How do you use reading strategies to help young readers learn?
I love The Reading Strategies Book by Jennifer Serravallo. It really is “your everything guide to developing skilled readers.” Cracking the code to reading is not the most important part of reading.
You need to develop vocabulary, discuss thoughts and connections to become engaged readers that love books! I love the following strategies I found in this book.
📌THIS IMAGE FOR LATER
Supporting Print Work-Increasing Accuracy and Integrating Sources of Information
This part of reading always worries me the most! It seems so difficult for some students especially beginning readers!
1. Check the Picture for Help
It helps the child to not only read what is happening but see what is happening as well. They can double check to make sure that word makes sense in the sentence before moving on and getting more confused. I think many students need to be taught this skill. The discussion in the group can’t skip this step that seems so easy to some.
2. Try, Try, Try Again
This is probably the most important strategy every reader should remember. It is especially difficult with some students. I like to fact that you actually teach it to the students, not just expect it.
Teach the students to use all the things they have in their toolbox.

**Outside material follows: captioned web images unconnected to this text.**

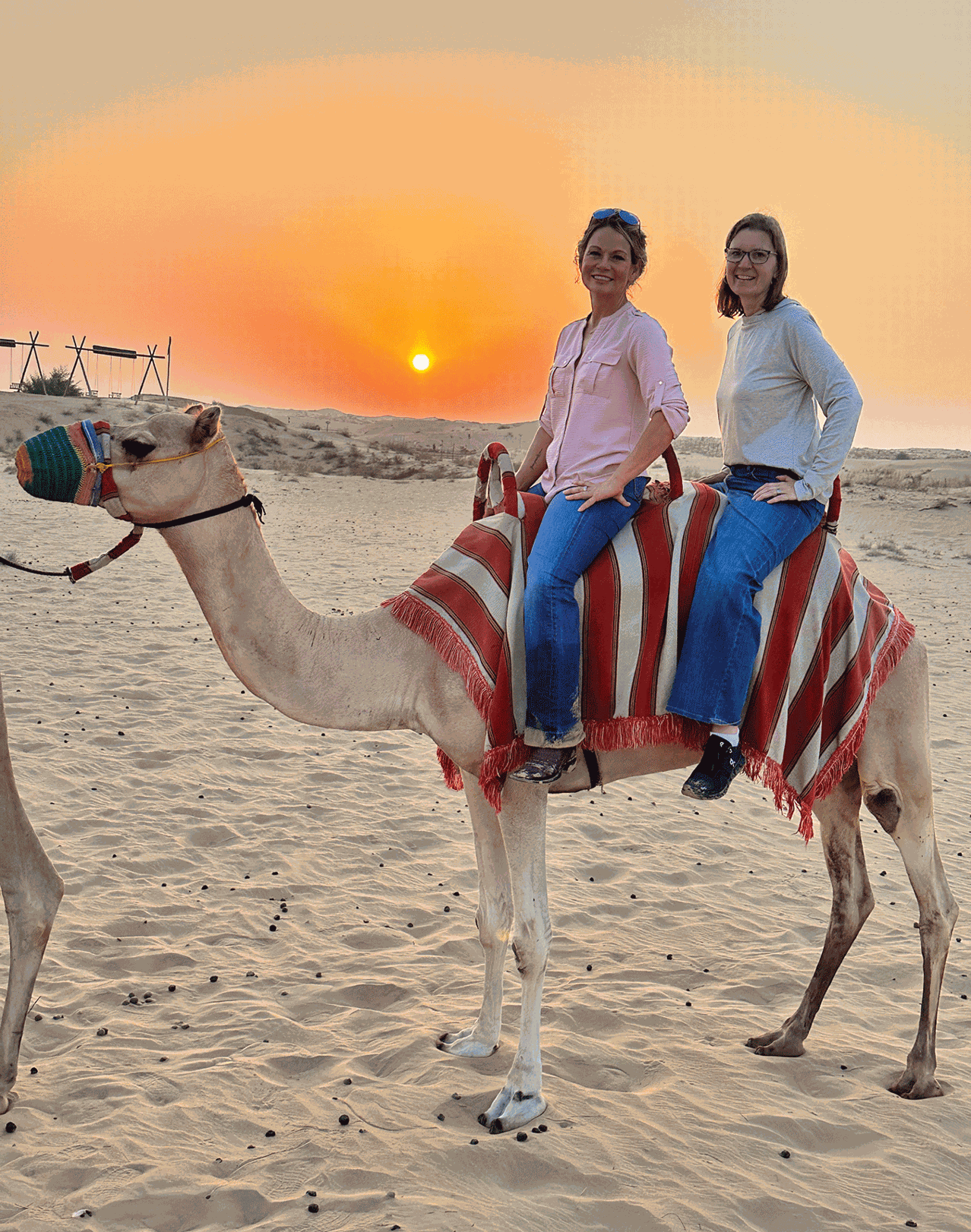 Wilson camel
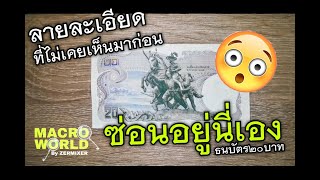 Amazing Thai Money 20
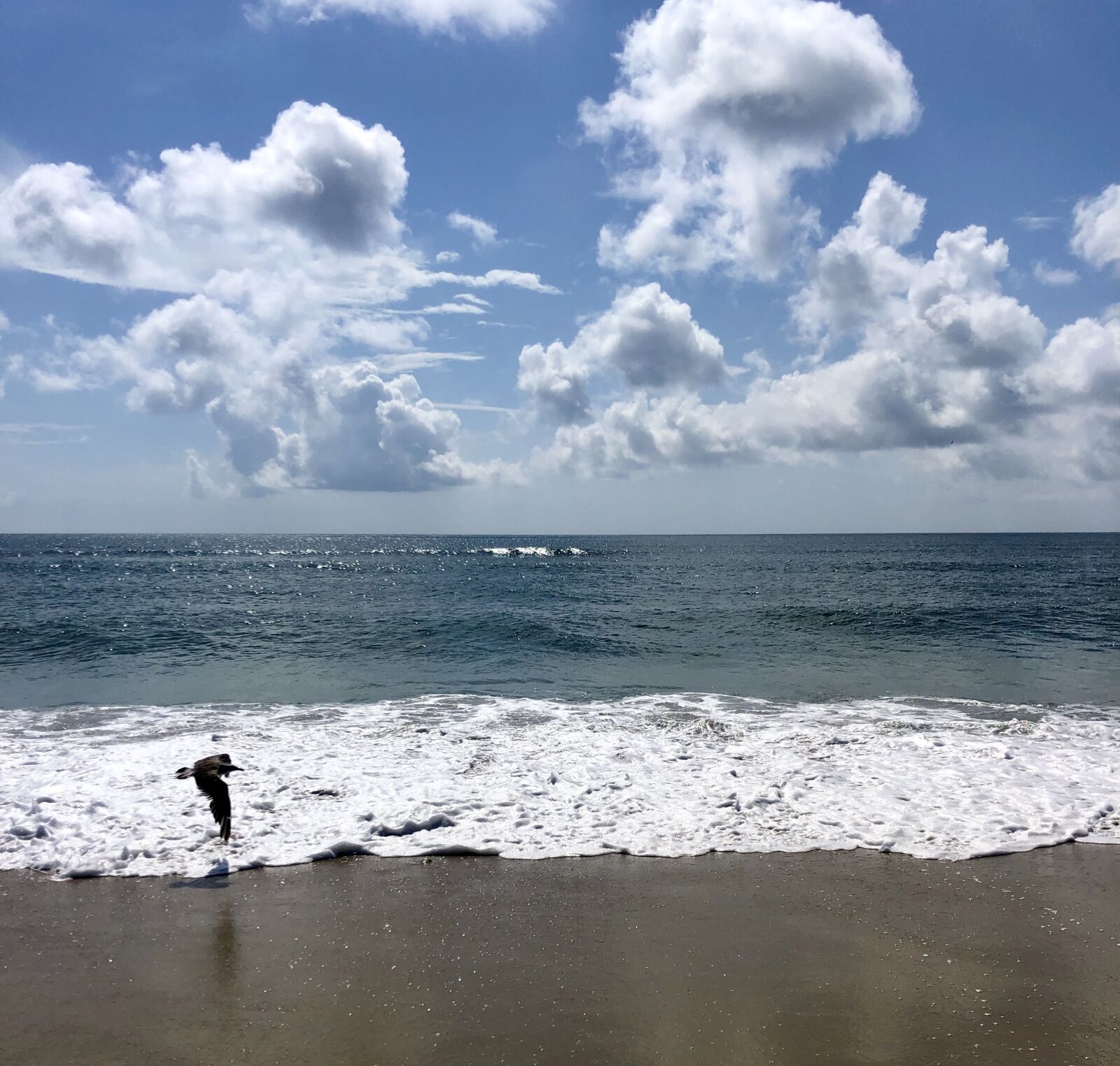 iPhone X back dual camera 4mm f/1.8 sample photo. Beach, sand, water photography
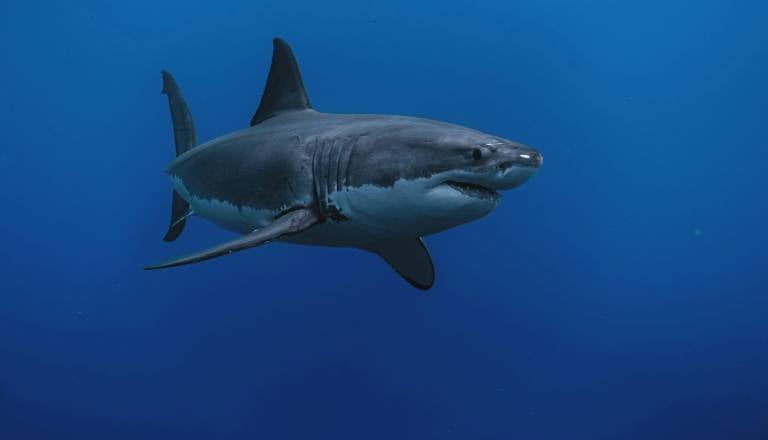 Morski psi plavajo v koktajlu drog, v njihovi krvi odkrili kokain in razna zdravila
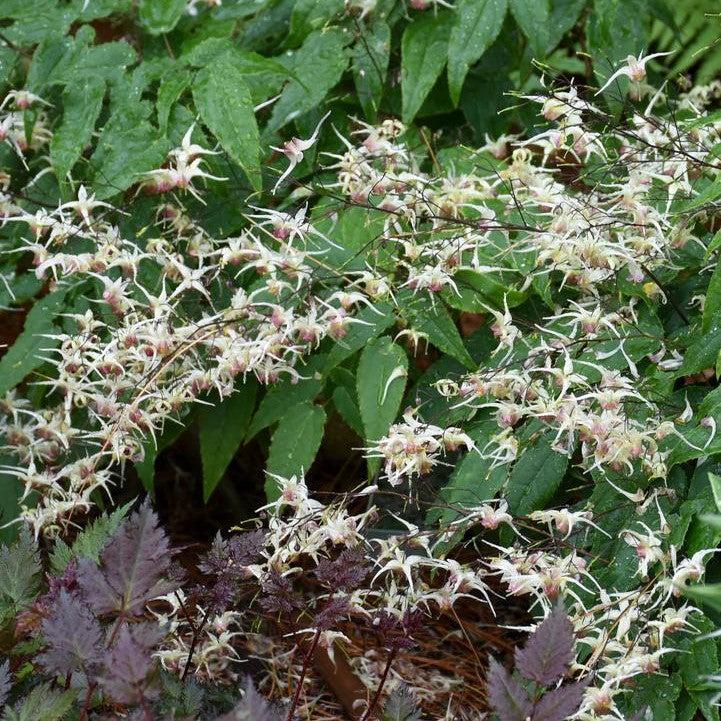 Epimedium 'Domino'  - Domino Barrenwort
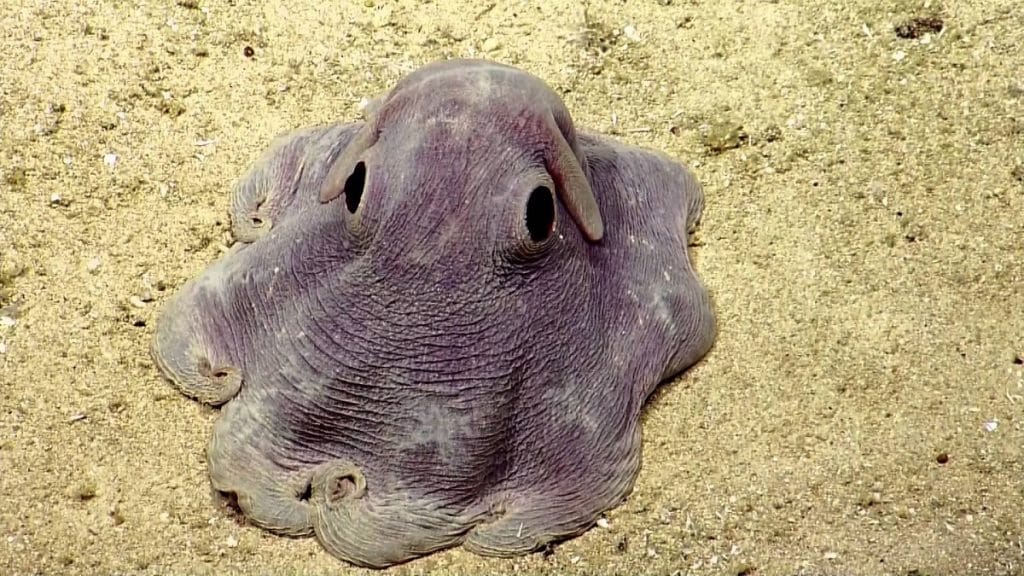 Dumbo Octopus Facts Size Habitat And Pictures Dumbo Octopus Facts Size Habitat And Pictures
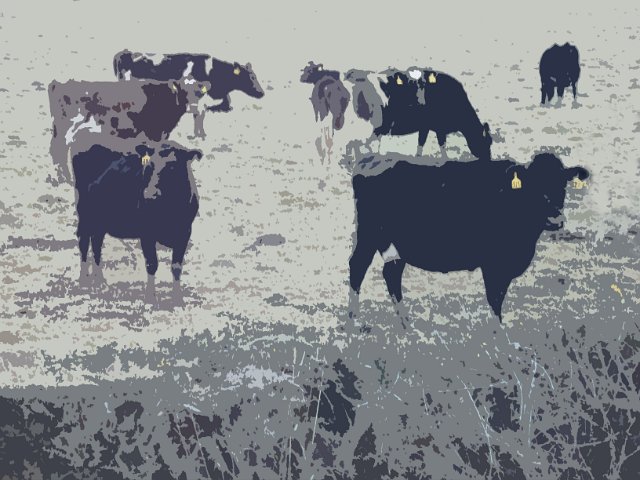 cows cutout graphic effect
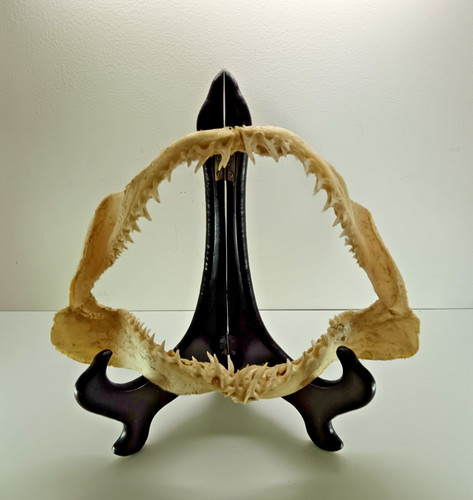 Machoire requin - machoire,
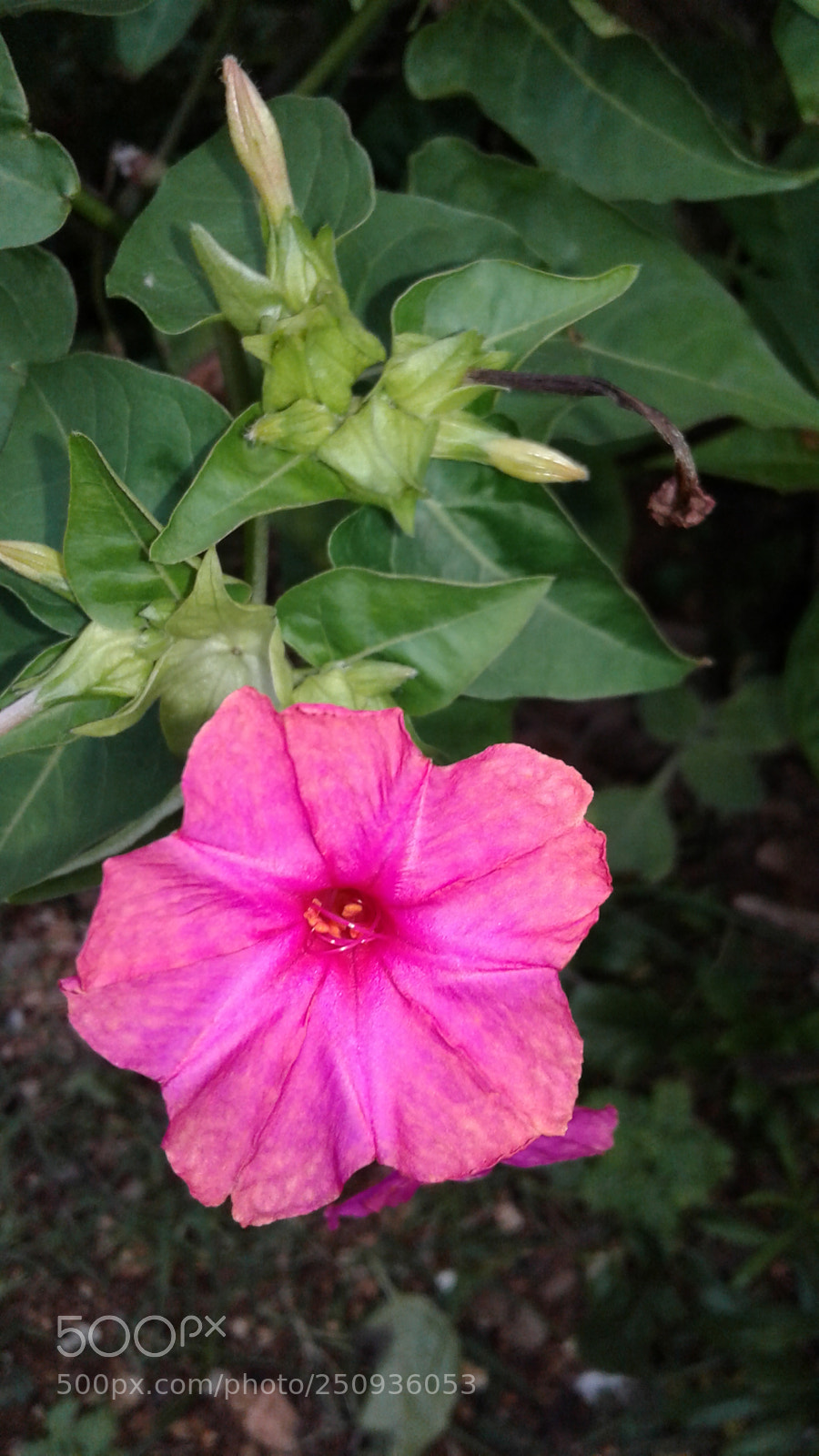 Samsung Galaxy J3(2016) sample photo. Buena tarde photography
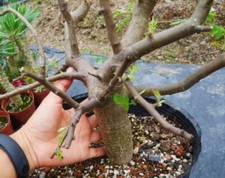 Rare plant livesucculent for sale  Shipping to United Kingdom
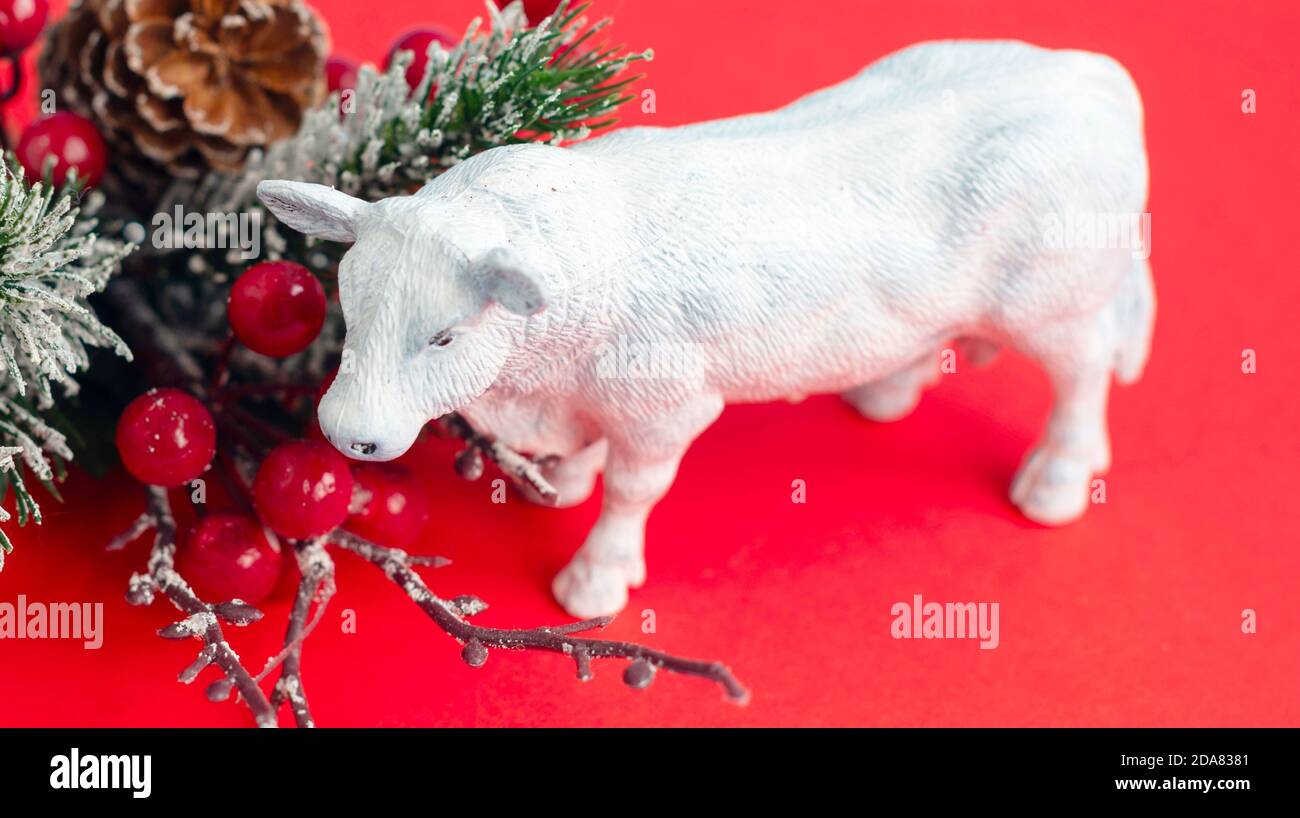 Boeuf blanc sur fond rouge, un taureau comme symbole de l'année 2021 à venir selon le calendrier chinois Banque D'Images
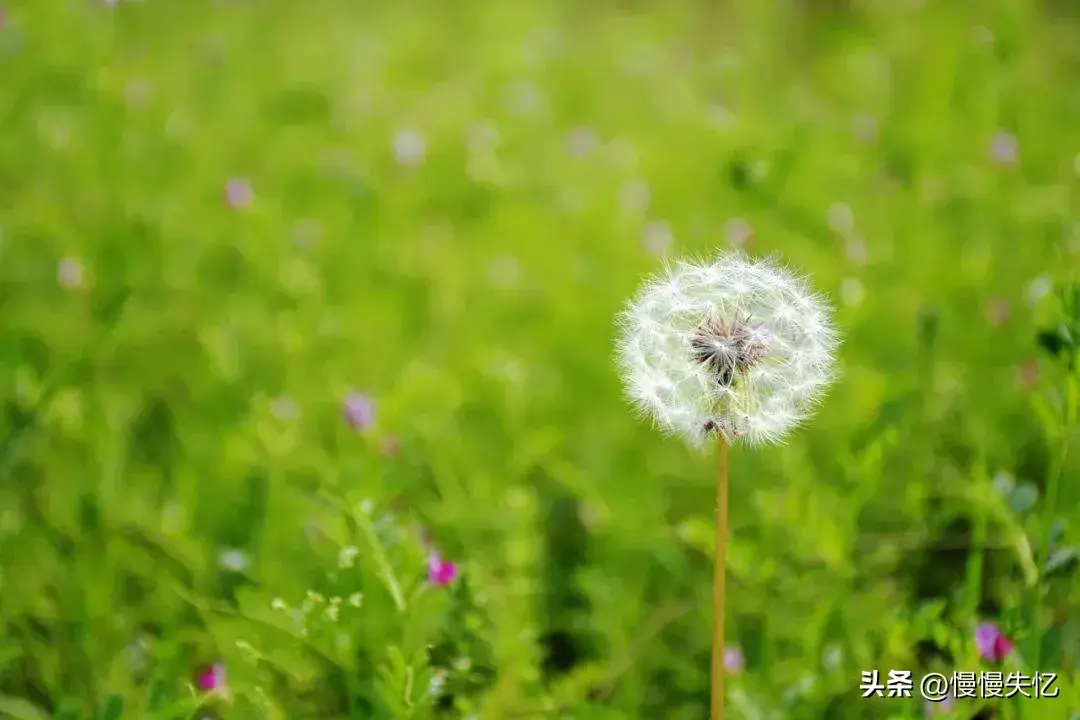 意境唯美，匠心独运（6首暮春优美古诗）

- You know how to read words from left to right.
- You know how to check the picture to see if it makes sense.
- You know how to think about what is going on in a story, and how that can help you choose the right word.
- You know how to look for parts of words you know inside of a larger word.
Teaching Fluency-Reading with Phrasing, Intonation, and Atomicity
3. Think, “Have I Seen It on the Word Wall?”
What a great idea as a warm up, to read the words on the word wall! I have done this in writing, but what a great connection to do it with reading as well to help develop automaticity with sight words. Just have the students read the word wall words as warm up! Then remind them to use those words in reading.
I like to use this rhyming sight word poster in kindergarten at the beginning of the year before they have mastered sight words or with readers that struggle with this difficult words. It also helps with rhyming skills! (Plus is saves wall space)
4. Warm-Up and Transfer
I love to do this with students when they just begin reading. I always did it for confidence but I love the idea to use with strategies. I love the use of “As you read, I want you to be aware of how you let your eyes go ahead of the word you are reading now, how you scoop up many words at a time in a phrase, how you read it based on how the character is thinking in an easy book, then try it in a just right book.”